I also got some leaking on the refill with the Vape Shell today ... but I definitely agree with you, for the price and considering its actually available, it is a great option!
Haha and yes, biggest issue with the Exocet is that they are no longer produced.
I'm hoping the Flow 1.2 is a success. Good BB bridges aren't easy to find

Reactions: Like 2 | Agree 1


----------



## Cornelius

Rob Fisher said:


> @Darth Vaper
> View attachment 123667


Oom Rob please take a photo or 3 next time you use those coils in the exocet. I struggle with so many wraps in the exo. Would like to see your coil placement. 

Sent from my SM-A520F using Tapatalk

Reactions: Like 1


----------



## Rob Fisher

Cornelius said:


> Oom Rob please take a photo or 3 next time you use those coils in the exocet. I struggle with so many wraps in the exo. Would like to see your coil placement.

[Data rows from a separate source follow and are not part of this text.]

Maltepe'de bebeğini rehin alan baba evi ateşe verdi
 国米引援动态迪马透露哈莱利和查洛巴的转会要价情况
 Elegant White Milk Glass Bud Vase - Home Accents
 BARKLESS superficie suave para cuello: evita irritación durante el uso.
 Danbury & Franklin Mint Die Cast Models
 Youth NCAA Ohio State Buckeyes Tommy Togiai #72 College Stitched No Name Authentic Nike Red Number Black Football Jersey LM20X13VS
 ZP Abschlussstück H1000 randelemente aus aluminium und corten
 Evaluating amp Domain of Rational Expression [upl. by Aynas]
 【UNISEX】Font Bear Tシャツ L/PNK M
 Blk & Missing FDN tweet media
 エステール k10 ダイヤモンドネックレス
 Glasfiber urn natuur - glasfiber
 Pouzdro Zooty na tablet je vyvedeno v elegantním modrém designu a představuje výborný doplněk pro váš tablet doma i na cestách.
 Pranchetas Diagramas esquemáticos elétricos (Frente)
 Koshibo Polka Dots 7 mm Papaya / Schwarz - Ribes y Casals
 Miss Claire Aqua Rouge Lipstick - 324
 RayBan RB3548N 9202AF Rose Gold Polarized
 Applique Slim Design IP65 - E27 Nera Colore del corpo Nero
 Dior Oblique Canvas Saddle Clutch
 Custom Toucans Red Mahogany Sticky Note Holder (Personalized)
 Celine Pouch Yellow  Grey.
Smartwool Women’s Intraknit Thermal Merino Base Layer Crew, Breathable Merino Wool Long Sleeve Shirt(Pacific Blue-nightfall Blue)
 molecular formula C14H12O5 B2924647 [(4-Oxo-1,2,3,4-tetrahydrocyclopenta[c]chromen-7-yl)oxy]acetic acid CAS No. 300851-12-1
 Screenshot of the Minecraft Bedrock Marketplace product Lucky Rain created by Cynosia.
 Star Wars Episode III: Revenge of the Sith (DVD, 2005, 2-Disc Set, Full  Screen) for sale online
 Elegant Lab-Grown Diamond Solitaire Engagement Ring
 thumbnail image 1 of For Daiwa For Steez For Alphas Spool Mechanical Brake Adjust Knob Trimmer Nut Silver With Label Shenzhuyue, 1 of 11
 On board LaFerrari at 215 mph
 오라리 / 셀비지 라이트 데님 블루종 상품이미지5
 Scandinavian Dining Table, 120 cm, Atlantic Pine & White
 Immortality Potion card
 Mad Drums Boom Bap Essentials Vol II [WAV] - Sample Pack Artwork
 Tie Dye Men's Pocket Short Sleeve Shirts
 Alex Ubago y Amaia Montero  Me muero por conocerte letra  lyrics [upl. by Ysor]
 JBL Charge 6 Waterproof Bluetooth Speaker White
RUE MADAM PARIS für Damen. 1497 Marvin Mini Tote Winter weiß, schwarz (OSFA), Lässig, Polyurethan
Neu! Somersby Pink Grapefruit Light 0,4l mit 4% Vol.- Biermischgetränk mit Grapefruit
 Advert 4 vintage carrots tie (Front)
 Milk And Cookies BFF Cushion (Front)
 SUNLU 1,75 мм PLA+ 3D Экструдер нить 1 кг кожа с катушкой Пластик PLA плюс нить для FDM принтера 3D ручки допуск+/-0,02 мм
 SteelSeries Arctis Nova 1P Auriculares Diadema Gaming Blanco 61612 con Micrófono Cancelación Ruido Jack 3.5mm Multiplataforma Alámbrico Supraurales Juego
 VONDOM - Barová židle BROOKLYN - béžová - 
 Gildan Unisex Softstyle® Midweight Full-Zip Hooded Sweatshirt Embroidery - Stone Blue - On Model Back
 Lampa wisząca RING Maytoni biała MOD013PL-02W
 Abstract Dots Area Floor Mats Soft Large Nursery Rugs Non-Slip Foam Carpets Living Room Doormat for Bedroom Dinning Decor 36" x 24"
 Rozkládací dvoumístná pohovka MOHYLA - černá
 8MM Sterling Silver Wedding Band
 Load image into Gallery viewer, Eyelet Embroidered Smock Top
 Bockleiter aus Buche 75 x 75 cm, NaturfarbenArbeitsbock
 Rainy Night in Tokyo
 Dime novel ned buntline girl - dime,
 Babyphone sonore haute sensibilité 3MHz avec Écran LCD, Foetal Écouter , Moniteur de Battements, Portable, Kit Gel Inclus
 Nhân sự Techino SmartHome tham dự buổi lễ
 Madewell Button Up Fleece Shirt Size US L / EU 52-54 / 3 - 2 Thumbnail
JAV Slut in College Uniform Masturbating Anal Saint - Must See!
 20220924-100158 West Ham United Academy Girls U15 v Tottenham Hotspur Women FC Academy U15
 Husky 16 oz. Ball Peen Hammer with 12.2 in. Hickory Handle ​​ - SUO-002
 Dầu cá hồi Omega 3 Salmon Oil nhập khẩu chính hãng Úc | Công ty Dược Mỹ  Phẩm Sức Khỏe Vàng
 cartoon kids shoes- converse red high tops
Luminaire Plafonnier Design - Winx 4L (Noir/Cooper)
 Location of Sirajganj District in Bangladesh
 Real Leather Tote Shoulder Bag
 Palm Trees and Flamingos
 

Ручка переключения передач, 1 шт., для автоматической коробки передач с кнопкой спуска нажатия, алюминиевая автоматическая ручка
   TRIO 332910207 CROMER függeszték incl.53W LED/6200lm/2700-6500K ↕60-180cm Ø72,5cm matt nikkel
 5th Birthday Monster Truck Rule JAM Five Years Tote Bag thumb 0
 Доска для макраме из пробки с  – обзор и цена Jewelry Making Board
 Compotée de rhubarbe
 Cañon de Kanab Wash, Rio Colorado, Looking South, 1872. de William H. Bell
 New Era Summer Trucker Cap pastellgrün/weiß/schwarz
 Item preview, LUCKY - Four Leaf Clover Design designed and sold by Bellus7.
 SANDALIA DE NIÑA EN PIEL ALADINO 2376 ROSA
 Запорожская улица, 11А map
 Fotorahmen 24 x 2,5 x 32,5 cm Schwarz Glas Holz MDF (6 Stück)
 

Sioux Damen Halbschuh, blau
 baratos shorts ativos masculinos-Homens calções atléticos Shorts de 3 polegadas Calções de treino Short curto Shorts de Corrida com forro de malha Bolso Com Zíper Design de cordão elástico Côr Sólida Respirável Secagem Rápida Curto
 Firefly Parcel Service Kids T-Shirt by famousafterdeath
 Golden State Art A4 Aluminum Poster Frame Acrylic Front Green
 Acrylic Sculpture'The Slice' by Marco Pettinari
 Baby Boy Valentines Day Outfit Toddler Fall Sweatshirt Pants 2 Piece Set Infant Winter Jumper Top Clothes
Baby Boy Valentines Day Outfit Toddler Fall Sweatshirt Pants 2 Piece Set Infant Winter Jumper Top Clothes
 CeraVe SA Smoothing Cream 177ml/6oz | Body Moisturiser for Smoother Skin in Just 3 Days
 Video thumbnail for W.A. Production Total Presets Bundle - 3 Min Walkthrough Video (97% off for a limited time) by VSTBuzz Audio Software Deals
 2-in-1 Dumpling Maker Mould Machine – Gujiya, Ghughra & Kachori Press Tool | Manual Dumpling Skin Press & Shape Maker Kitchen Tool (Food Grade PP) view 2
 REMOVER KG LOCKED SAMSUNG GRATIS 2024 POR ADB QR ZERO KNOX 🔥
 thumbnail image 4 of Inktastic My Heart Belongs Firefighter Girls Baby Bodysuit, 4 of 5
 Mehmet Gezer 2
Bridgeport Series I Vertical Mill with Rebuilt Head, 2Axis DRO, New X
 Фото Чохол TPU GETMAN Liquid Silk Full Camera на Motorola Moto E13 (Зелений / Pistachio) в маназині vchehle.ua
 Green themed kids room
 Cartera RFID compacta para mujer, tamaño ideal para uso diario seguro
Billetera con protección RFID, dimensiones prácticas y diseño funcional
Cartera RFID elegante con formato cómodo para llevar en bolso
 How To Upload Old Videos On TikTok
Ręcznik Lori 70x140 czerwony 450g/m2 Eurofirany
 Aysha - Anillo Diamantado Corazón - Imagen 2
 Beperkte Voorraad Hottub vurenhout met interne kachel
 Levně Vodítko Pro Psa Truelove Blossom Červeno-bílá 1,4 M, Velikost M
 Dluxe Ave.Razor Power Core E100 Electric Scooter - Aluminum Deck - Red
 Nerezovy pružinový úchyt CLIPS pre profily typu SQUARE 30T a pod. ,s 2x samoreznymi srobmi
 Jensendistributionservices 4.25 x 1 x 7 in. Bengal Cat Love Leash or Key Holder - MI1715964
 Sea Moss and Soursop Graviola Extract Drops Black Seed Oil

Yes it is a bit of a struggle... but will do!

Reactions: Like 1


----------



## Cornelius

Please ignore I see you have already. Stupid Tapatalk

Sent from my SM-A520F using Tapatalk

Reactions: Like 3


----------



## Paul33

O ring snapped during a pit stop at work this morning. Not cool.

Reactions: Like 2


----------



## Silver

Paul33 said:


> O ring snapped during a pit stop at work this morning. Not cool.
> 
> View attachment 124490



Oh my thats a pity @Paul33

Reactions: Like 2


----------



## Paul33

Silver said:


> Oh my thats a pity @Paul33


Thanks @Silver 

Not a happy chappy 

At least I brought a spare mod and RDA along for the day. 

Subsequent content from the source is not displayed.